Maya has a thing or two she can learn from Mama, and indeed, she wants to, but a healthy dose of skepticism and spite keep her locked in a spiral of anger and grief.
Tweens crave to be seen, heard and understood, but they don’t always have the language or feel safe enough to express themselves. Instead, they may keep their worries locked inside, bundled together as the Deep Downs. As Maya explains, the Deep Downs are the secret questions, thoughts and heavy feelings “we’re too embarrassed or scared to tell anyone else.” These very secrets are so often the fuel for further misunderstandings.
Reflecting on our tween years, most adults could probably craft a long list of Deep Downs. This is the stuff of locked diaries and whispered conversations between best friends. These are the questions we didn’t want to ask, but we genuinely wished the answers would arrive as easily as opening a fortune cookie.
“Yeah, we need to be better at sharing our Deep Downs. All three of us.” ~Daddy
Not only does Maya have Deep Downs, her parents have them as well. In fact, it’s her parents’ buried regrets bubbling up to the surface that cause the family rift. Their unresolved and unexamined feelings about the past profoundly impact Maya’s life in the present. She wants to know why her mom seems disenchanted with Daddy and with her, too.
Eavesdropping on whispered arguments, Maya is left with ever more questions. Later, when she finally catches a glimpse of Mama’s long missing smile, she wonders if it’s possible for the three of them to ever be happy together.
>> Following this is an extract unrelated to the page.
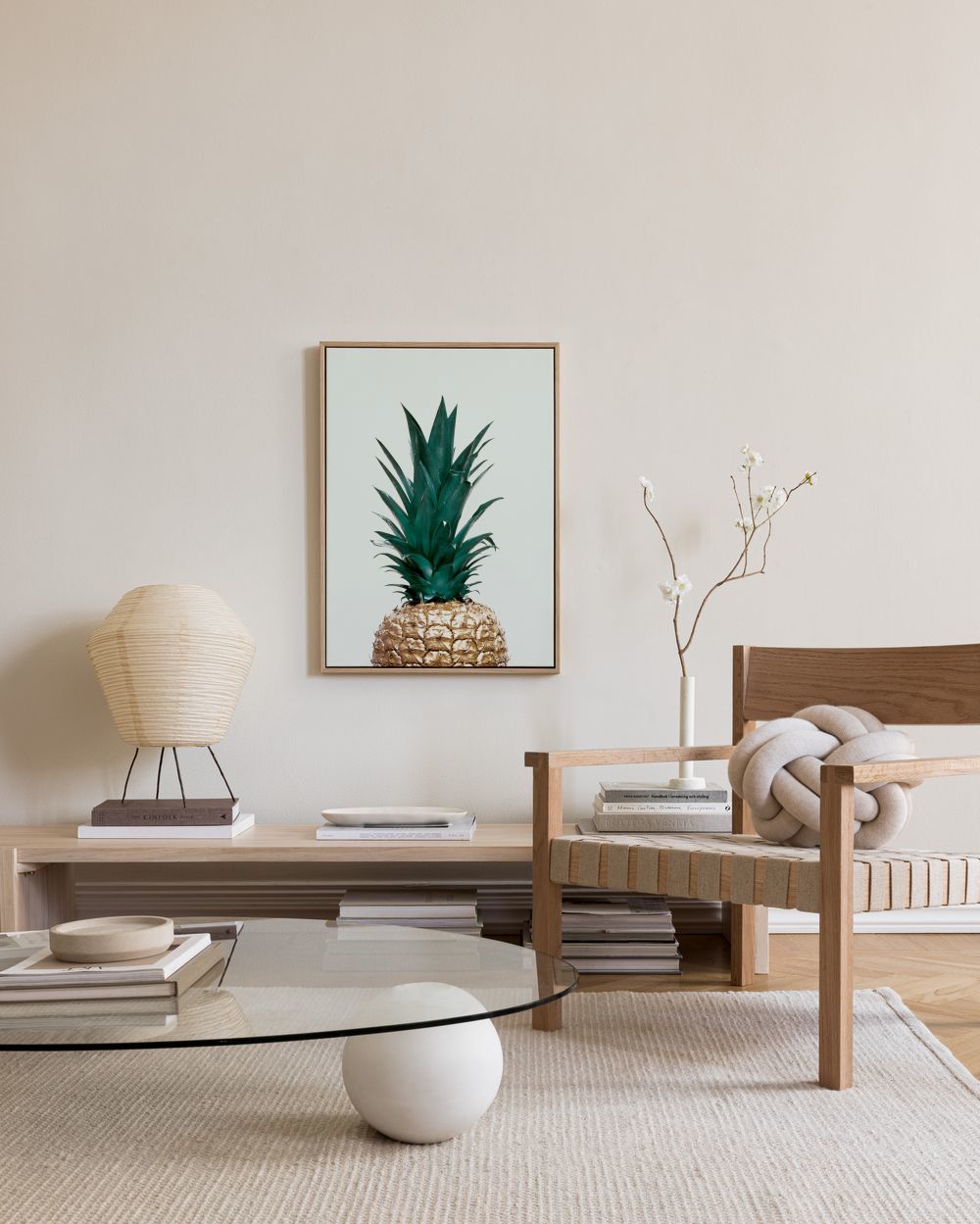 Green Pineapple, Canvas print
Adults are sometimes guilty of telling kids, “you’ll understand when you get older.” And while that may be true, it doesn’t quiet the Deep Downs. As an introverted only child, I found solace and answers in books. I especially cherished books that told the truth on the page. Even if the circumstances differed from mine, I recognized the honest grappling. The perspectives from fictional families helped explain my own.
Maya finds the answers she seeks in two places. One of those is with a caring adult. Rather than an adventure, where adults can sometimes recede from the storyline, this story highlights complicated family dynamics and the ways grown-ups can show up and offer gentle support. In this case, Daddy’s twin brother, Uncle J, is Maya’s greatest champion. It’s a blessing and a curse, having someone who looks and sounds just like Daddy, but isn’t. Uncle J lends a listening ear and encourages her to tune in to her own voice.
Where else does she find answers? Her treasured Wheel of Fortunes.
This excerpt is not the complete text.